Opus 7 celebrates Christmas at St. James

By: R.M. Campbell

Opus 7, one of the most esteemed musical groups anywhere, has little interest in musical trinkets of the season, at least this year. At its annual Christmas concert Sunday night at St James Cathedral, the vocal ensemble looked to Mendelssohn as well as Einojuhani Rautavaara and Georg Schumann instead. All proved to be fascinating.

Generally devoted to new music of the area, Opus 7’s founding artistic director Loren Ponten chose to complete the group’s Mendelssohn cycle this past weekend with two works, separated by nearly a decade: “Magnificat,” composed at the remarkable age of 13, and “Vom Himmel hoch” (“From Heaven on High”). Not all of the composer’s vocal music, or his instrumental music for that matter, has received the notice it deserves. The “Magnificat” is a piece of striking proportions, with its quartet of vocal soloists, an orchestra and chorus. As a piece of music, rarely performed, it has many attractive attributes, including the astonishing youth of the composer. The group’s reading was variable in its effects. “Von Himmel hoch” (“From Heaven on High”) was on a more even keel and thus ultimately more satisfying.
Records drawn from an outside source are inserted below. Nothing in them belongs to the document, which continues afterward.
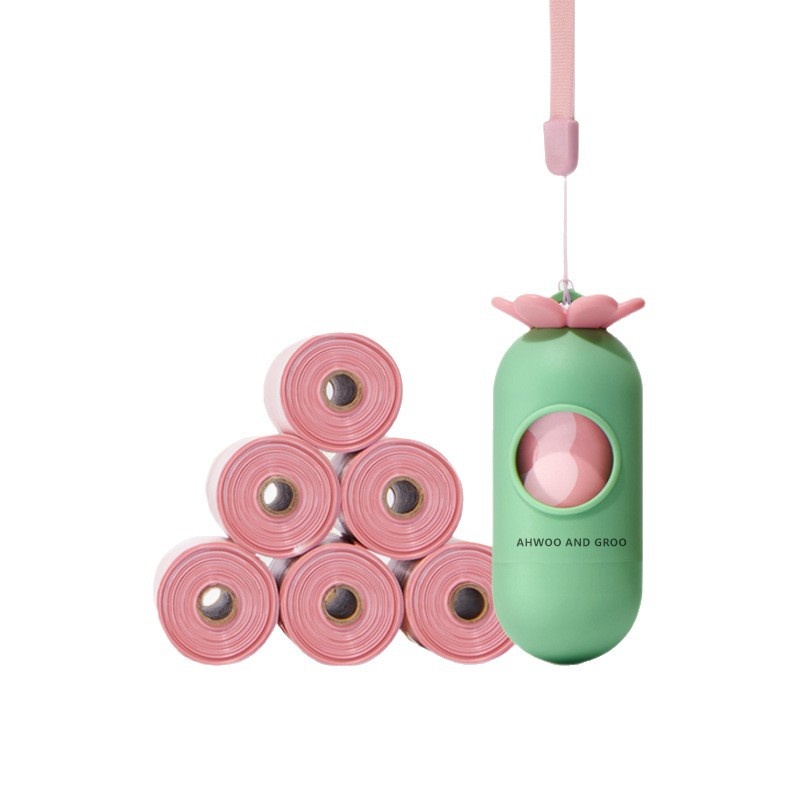 Fiore Fiore Capsula Popò Raccolto Set Per Viaggi All'aria Aperta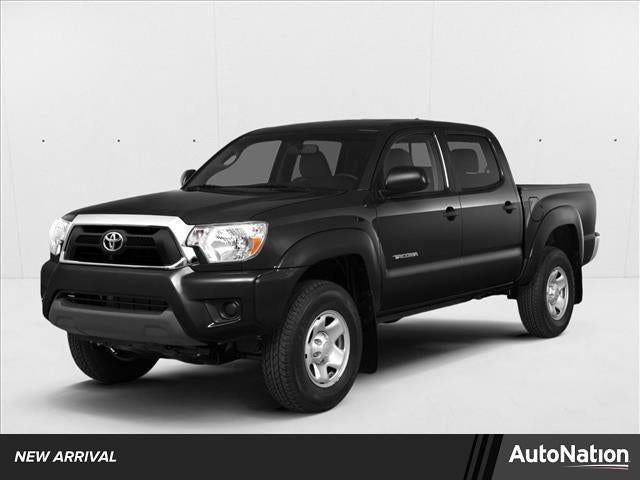 2015 Toyota Tacoma PreRunner V6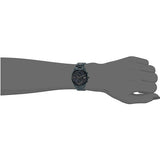 Michael Kors Briar Blue Dial Blue Steel Strap Watch For Women - MK6468 Buy Now By Michael Kors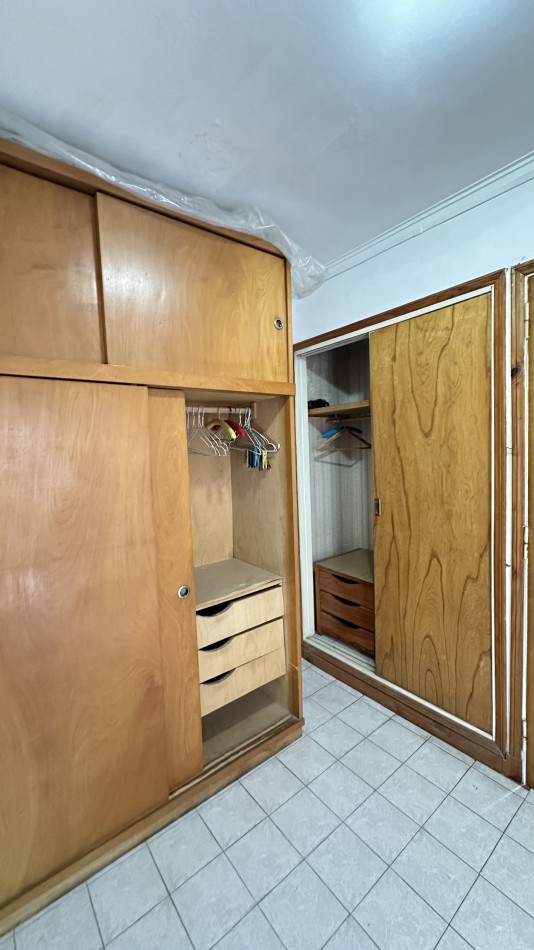 Alquiler PH 2 Ambientes con escritorio y patio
As a result of its unique political history and the importance of Jean Sibelius in its national life, the country provides extraordinary support to music, beginning with education and extending to the professional stage. As a result it has produced a huge number of the some of leading musicians in the world. Rautavaara is among them. “Canticum Mariae Virginis” is a shimmering piece of music that evokes the Virgin Mary. It moves in wondrous and sometimes strange ways, suggesting the old and the new but always with its own language. It is here that Opus 7 was at its best, not only because ot its well-trained ears and musical talent, but its long association with modern music. For many groups, the Rautvaara would hold many terrors. Not Opus 7, or so it appeared. 

Georg Schumann, whose dates are 1866-1952, is neither as famous as his predecessor nor related to Robert. He was a German conductor, composer and teacher who succeeded Max Bruch as head of the Academy of Arts in Berlin His “Vom Himmel hoch da komm ich her” (“From Heaven I Come to You”) represents the summit of his choral writing, according to the program notes of John Muehleisen, composer-in-residence for Opus 7. Certainly Opus 7 treated the work as such with careful balances, textural clarity and an assured sense of the urgency of the text. 

Ponten is a conductor of intelligence and musical adaptability, not to mention ambition and hard work. The soloists for the night were excellent: soprano Lisa Ponten, mezzo-soprano Kathryn Weld, bass Norman Smith and baritone Ben Grover.